- Provided data:
________________
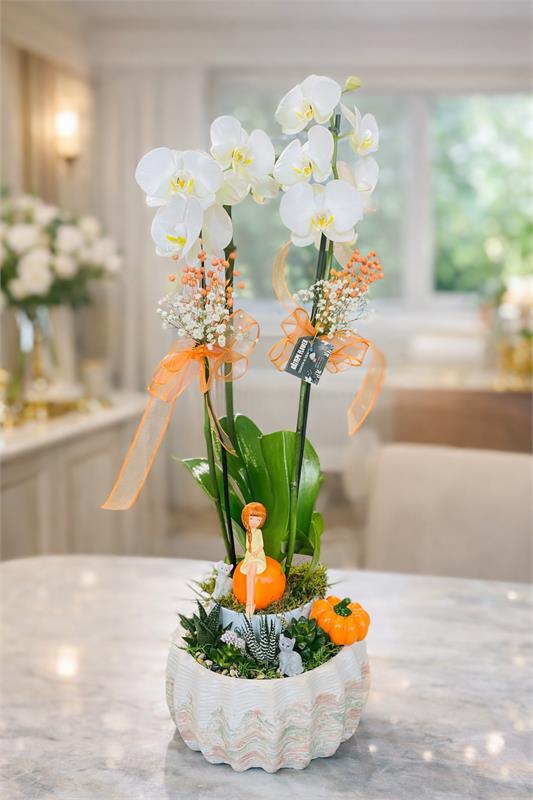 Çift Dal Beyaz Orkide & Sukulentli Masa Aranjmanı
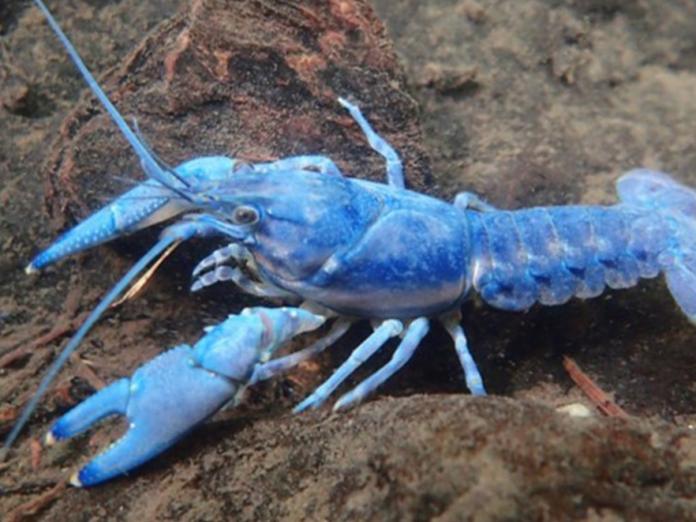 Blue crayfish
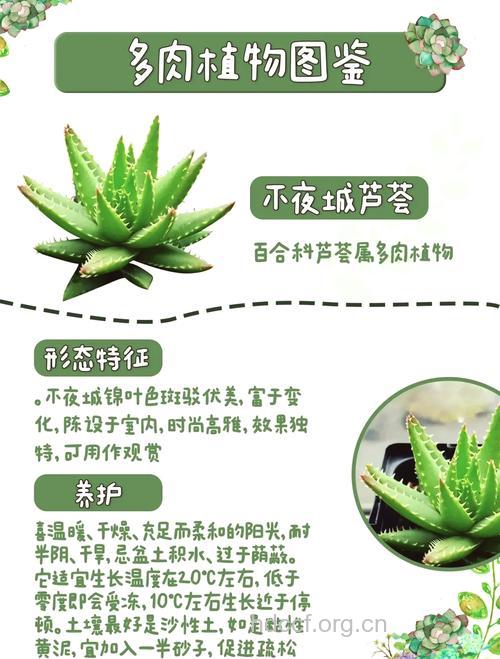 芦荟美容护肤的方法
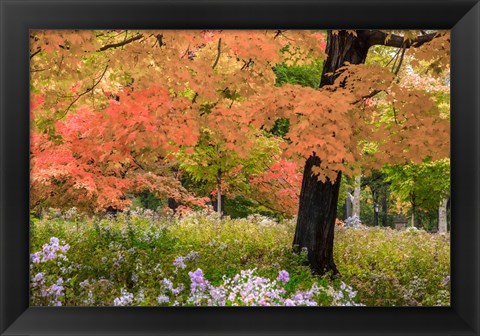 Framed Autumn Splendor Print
________________
- Task to complete:
No pictures belong in the copy. Repeat the listing above exactly.

- Finished exercise:
 Çift Dal Beyaz Orkide & Sukulentli Masa Aranjmanı
 Blue crayfish
 芦荟美容护肤的方法
 Framed Autumn Splendor Print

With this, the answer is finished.